If the Boks were that good in defeat, then what does it make of the All Blacks as victors?
The All Blacks have now won their last 36 Test matches at home – a world record – and Richie McCaw’s team continues to break record after record.
Yet the focus is rarely on their qualities; only on how vulnerable they are, how beatable they are and how they simply are not that good.
Why is it so hard to applaud a team that has created something special? Why the envy? Why, in some instances the absolute hatred?
I thought the Springboks were outstanding in the first 40 minutes, but that the All Blacks did enough to control the Test until the 70th minute, if not necessarily ever have the comfort that they were in control.
The Boks, with a bit of luck, more composure and better decision-making, could have sneaked it in the final minute. They won the turnover scrum and Duane Vermeulen made huge metres to give the Boks the attacking option a metre out.
But the ball went towards the touchline when it should have gone infield and Lood de Jager was bundled into touch.
The All Blacks nearly made a mess of their lineout, but Richie McCaw cleaned up and Aaron Smith made sure the ball was cleared into touch.
McCaw was mighty again. He is one of the great warriors of the game and what makes him that impressive is the motivation to keep winning. He was into his 131st Test and despite having lost just 13 Tests, he plays like one seeking his first Test win.

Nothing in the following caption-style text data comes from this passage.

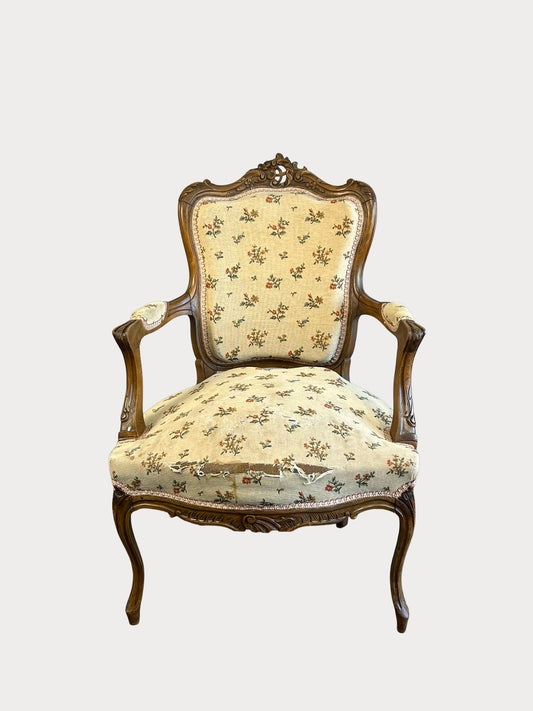 Antique French Louis XV Walnut Armchair with Carved Wood & Floral Upholstery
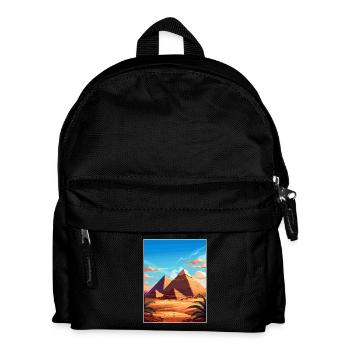 Cairo Egypt Great Pyramids Of Giza Travel Poster - Kids' Backpack - black - Front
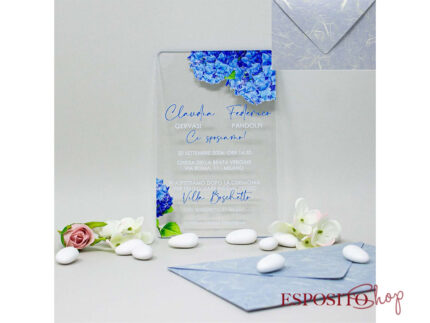 Partecipazione in plexiglass con ortensia blu PX006
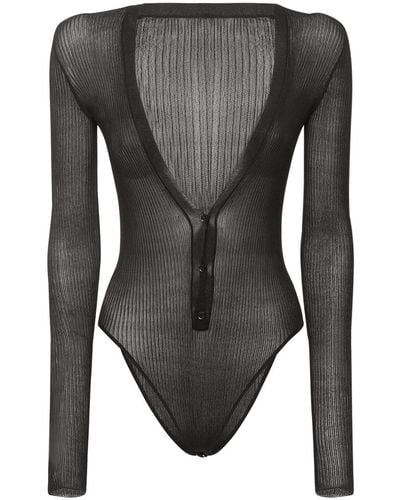 Petar Petrov Silk Knit V-neck Long Sleeve Bodysuit - Gray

It was a special night in Wellington and the game was reminiscent of the great battles between these two teams. Statistically few could argue this is still a rivalry with the Boks having won just 14 of the last 52 Tests, but the 80 minutes in Wellington screamed rivalry. It had all the ingredients of those legendary Test matches played between the two countries in the 88 times they’ve done battle.
Heyneke Meyer, as Springbok coach, has now lost five in succession against the All Blacks. Three of those have been in New Zealand and on all three occasions the Boks have played themselves into a position to win the game. Ironically, the two defeats that have been the most emphatic have been in South Africa, and at altitude.
So don’t be too quick to shout out that we will get them in South Africa.
We will have to play well to get them in South Africa and we will have to play for 80 minutes to finally beat the world champions.
There was very little wrong with the Boks in the opening half. They defended brilliantly, were in the All Blacks faces with aggressive and controlled defence and when they got the chance to attack they turned it into seven points.
The Bok lineout was strong and had a presence, courtesy of Victor Matfield, who in this period was colossal. Young Handré Pollard and Ruan Pienaar, inside him, were the beneficiaries of good first-phase ball. It made their evening that much more comfortable.
But the hammer blows to the Boks were the injuries to Pienaar and Francois Louw and the introduction of Bismarck du Plessis. And I didn’t think I’d ever be writing the introduction of Du Plessis as a negative to any Bok performance.
Du Plessis replaced Adriaan Strauss in the 55th minute and the Boks lost three of their own lineouts. The Bok pillar of strength wobbled for 15 minutes and it meant that the Boks chased the game in the last 25 minutes and were never in a position to close out the game.
The All Blacks led 11-7, then 11-10 and 14-10.
The Boks didn’t lead in the second half and but for the final flutter in the last few minutes never looked like scoring the try that would give them the lead.
The Boks were good without ever being excellent because if they were excellent they would have won.
And before taking too much comfort from a close defeat, ask if the Boks were that impressive, what did it say for the victors?
Applaud the bravery in performance but never applaud bravery in defeat.
The fact is the Boks still lost.
I wrote last week that there wasn’t a crisis because of a one-point defeat to the Australians. Similarly, there hasn’t been a second coming this weekend because of a four-point defeat against the All Blacks.
The Boks showed the spirit and passion of what is a healthy Bok environment, but I would argue that when it comes to the playing of the big moments they still haven’t closed the gap on the All Blacks.
But once again there is hope among South African rugby supporters and while there is hope there will always be life in this rivalry of two wonderful rugby nations.